→ **Task**:
Please write out all of the data below exactly, without including the pictures.

→ **Data provided**:

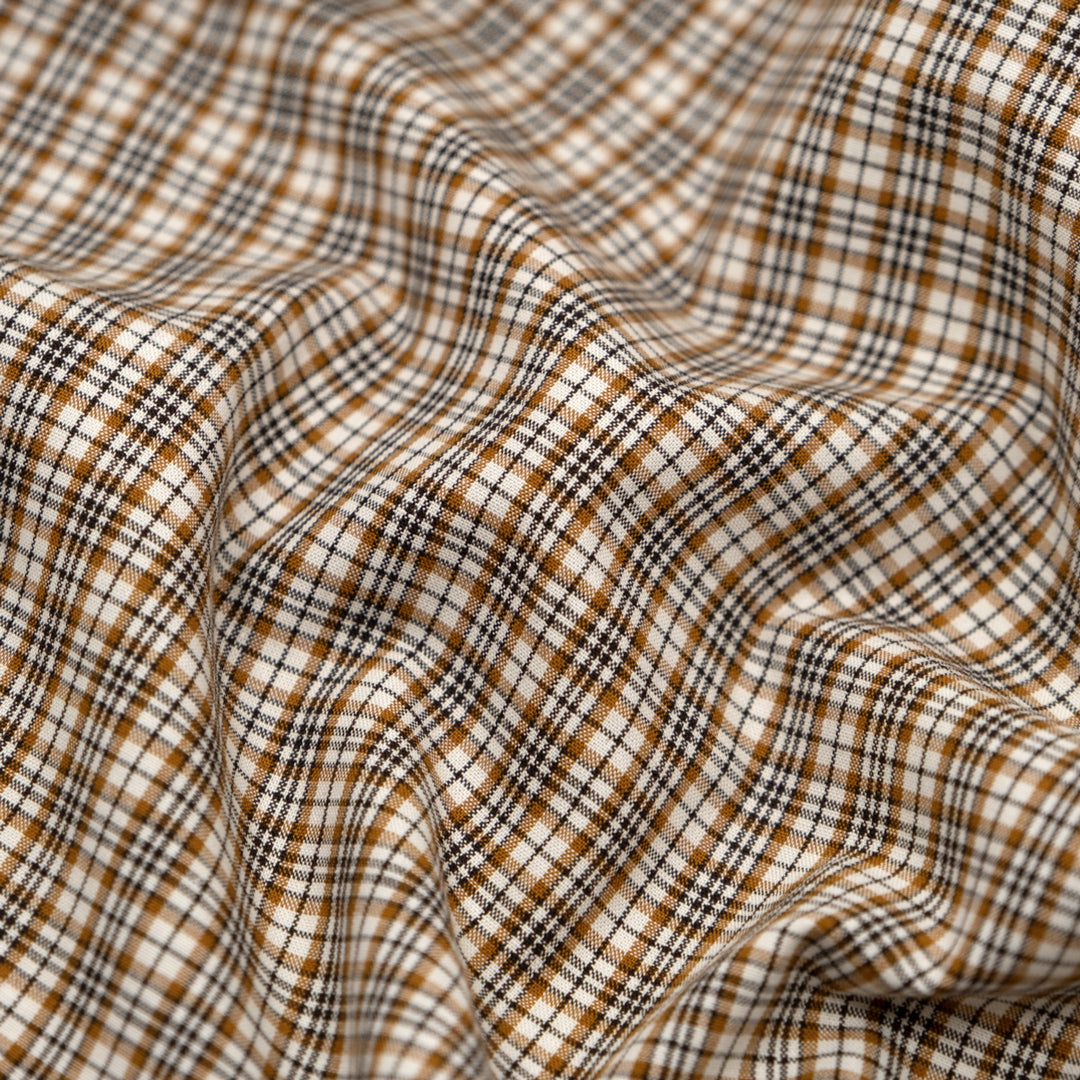 Mini Plaid Cotton Shirting - White/Teak | Blackbird Fabrics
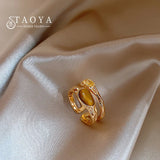 Double layered Retro Luxury Tail Ring For Women's Trendy Jewelry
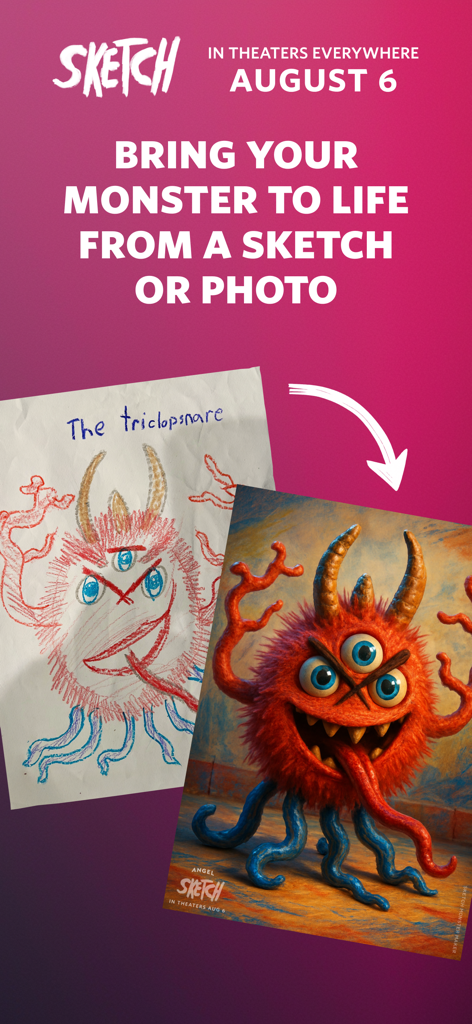 A hand drawn three eyed monster sketch transformed into a high fidelity 3D animated character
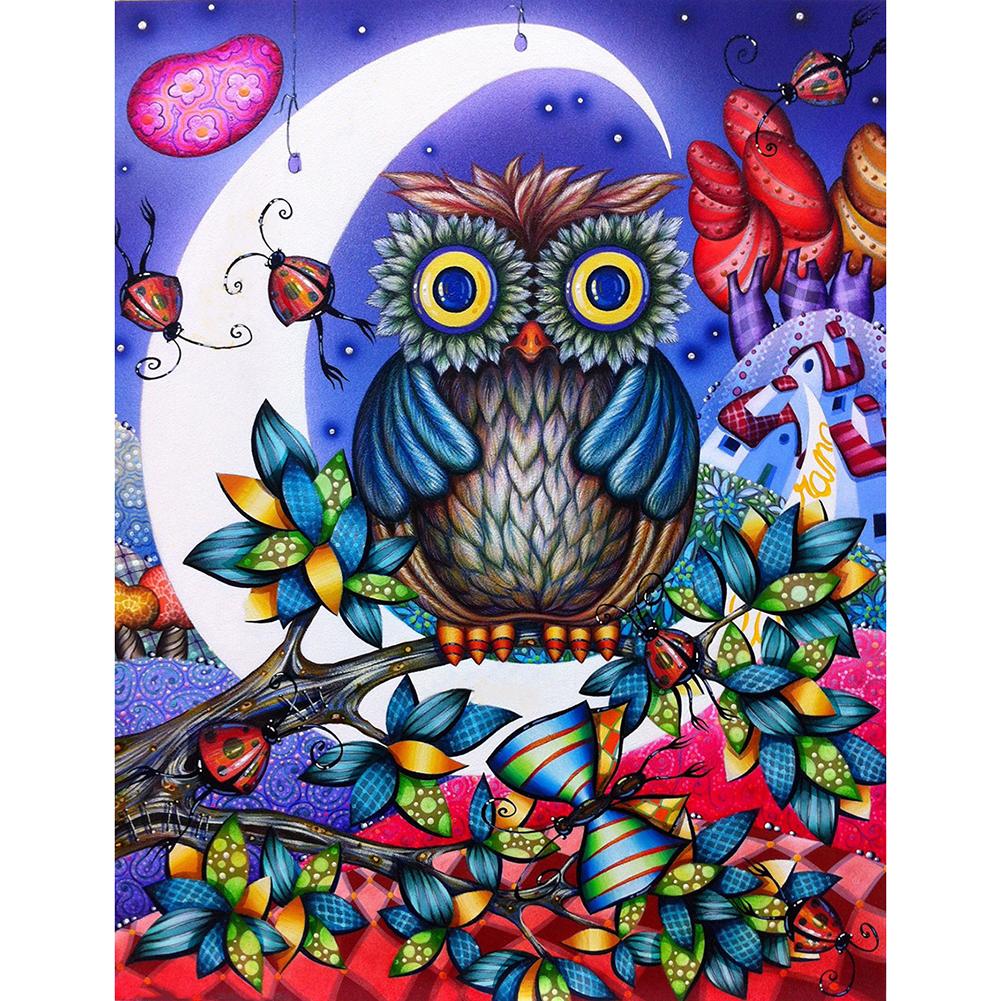 

30*40CM-Round Drill Diamond Painting-Moon Flower Owl, 501 Original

→ **Answer box**:
 Mini Plaid Cotton Shirting - White/Teak | Blackbird Fabrics
 Double layered Retro Luxury Tail Ring For Women's Trendy Jewelry
 A hand drawn three eyed monster sketch transformed into a high fidelity 3D animated character

30*40CM-Round Drill Diamond Painting-Moon Flower Owl, 501 Original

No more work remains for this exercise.